I've completely run out of ideas...  Please help!  Incidentally, I have two servers on the same network (one for web, one for mail) and both are identical, one is an rsync server and both are updated exactly the same (so both have the same versions of everything installed)...  One works...  One doesn't...

Thanks,

Pobster

----------

## Xanadu

 *Pobtastic wrote:*   

> I have two servers on the same network (one for web, one for mail) and both are identical, one is an rsync server and both are updated exactly the same (so both have the same versions of everything installed)...  One works...  One doesn't...

 

Well, the very first thing I think is most ISPs these days don't like their customers running their own services.  I'm only assuming that you're on BT (but I don't know enough about the ISPs on your side of The Pond  :Smile:  ).  Has BT recently made any changes to their Customers Running Servers part of their TOS?  

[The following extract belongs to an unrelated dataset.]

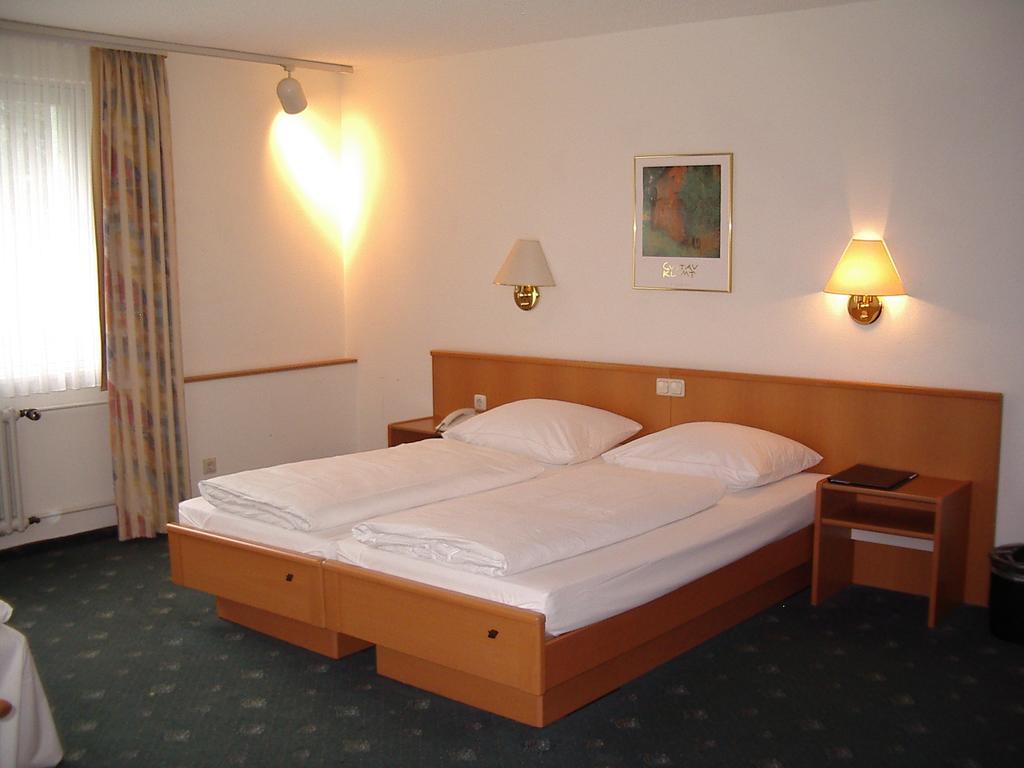 Hotel Bitburg Δωμάτιο φωτογραφία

Also, which of the two machines running web services IS ABLE to resolve names?  The one running mail or the one running apache (I assume)?  

It may just be my paranoid American mind, but, I can see an ISP stop allowing certain machines to stop being able to resolve names in a way to get a message to you to turn the stuff off AND/OR so the service won't work and thus be less of a "risk" in their netblock.

I dunno, though.  I'm a little bit just guess here, but...

M.

----------

## Pobtastic

Hiya, thanks for replying.  It's the mail server which can't resolve names but I don't think it's anything to do with which servers I'm running as they've both got apache and postfix configured and running so I can switch between servers when one or the other goes down.  Don't forget, ping works fine on one but not on the other...  So I'm thinking it's unlikely to be either ISP or server related as they're both sat next to each other on my router - it's got to be some stupid configuration thing that I've messed up...  I just can't find where...

Pobster

edit:  I use Nildram btw, but I'm sure the issue isn't with them seeing as one server is fine?

----------

## Xanadu

 *Pobtastic wrote:*   

> Hiya, thanks for replying.  It's the mail server which can't resolve names but I don't think it's anything to do with which servers I'm running as they've both got apache and postfix configured and running so I can switch between servers when one or the other goes down.  Don't forget, ping works fine on one but not on the other...  So I'm thinking it's unlikely to be either ISP or server related as they're both sat next to each other on my router - it's got to be some stupid configuration thing that I've messed up...  I just can't find where...
> 
> Pobster
> 
> edit:  I use Nildram btw, but I'm sure the issue isn't with them seeing as one server is fine?

 

Are either/both out in a DMZ?  Or are all the services for internal use only (and explicitly denied from the Internet)?  But still, yes, you make a good point.  If you can resolve names on one machine and not another, then I'd have to agree (at face value), it seems your fingers typed something that your brain forgot about.  :Very Happy:   Can you traceroute or similar to your external DNS server(s) from both machines?  Can you "nmap -PU -p53 $ISP_DNS_SERVER"?  Don't worry about that nmap command, it send one and ONLY one UDP blip to port 53 (DNS) to one IP.  I don't see that would trigger anything saying you're trying to "hack" them. 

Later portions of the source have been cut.